- Delbar Sadat-e Vosta Location within Iran
- Coordinates: 33°29′57″N 47°59′45″E﻿ / ﻿33.49917°N 47.99583°E
- Country: Iran
- Province: Lorestan
- County: Chegeni
- District: Veysian
- Rural District: Veysian

Population (2016)
- • Total: 101
- Time zone: UTC+3:30 (IRST)

= Delbar Sadat-e Vosta =

Village in Lorestan province, Iran

Delbar Sadat-e Vosta (دلبر سادات وسطي) (Note: Also romanized as Delbar Sādāt-e Vosţá; formerly known as Kaduney-e Vosta (كادوني وسطي), also romanized as Kādūney-e Vosţá; also known as Delbar Sādāt) is a village in Veysian Rural District of Veysian District in Chegeni County, (Note: Formerly Dowreh County) Lorestan province, Iran.

==Demographics==
===Population===
At the time of the 2006 National Census, the village's population, as Kaduney-e Vosta, was 110 in 23 households, when it was in Khorramabad County.

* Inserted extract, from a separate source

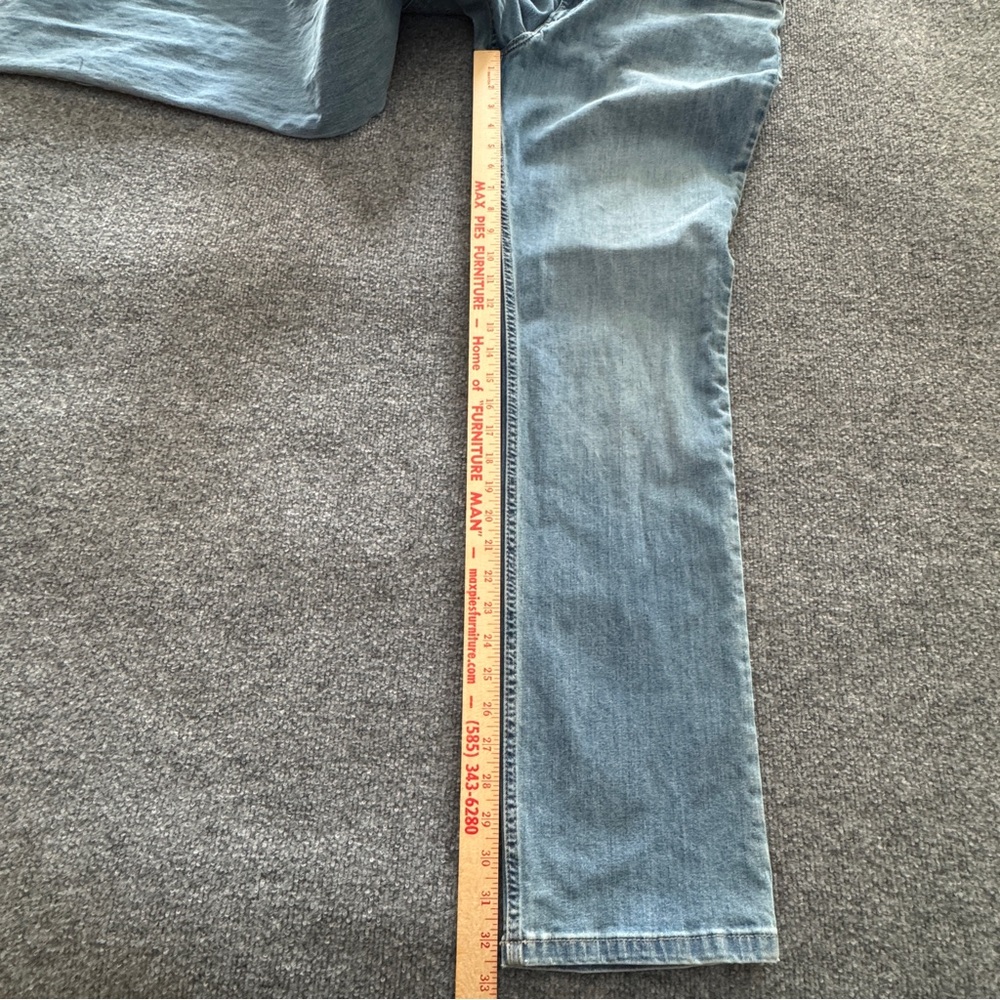 Wrangler Low Rise Straight Leg Jeans 13/14x34 Light Wash Western Stretch Denim - Picture 13 of 16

The following census in 2011 counted 121 people in 32 households, by which time the district had been separated from the county in the establishment of Dowreh County. (Note: Renamed Chegeni County) The village was listed as Delbar Sadat-e Vosta. The 2016 census measured the population of the village as 101 people in 34 households.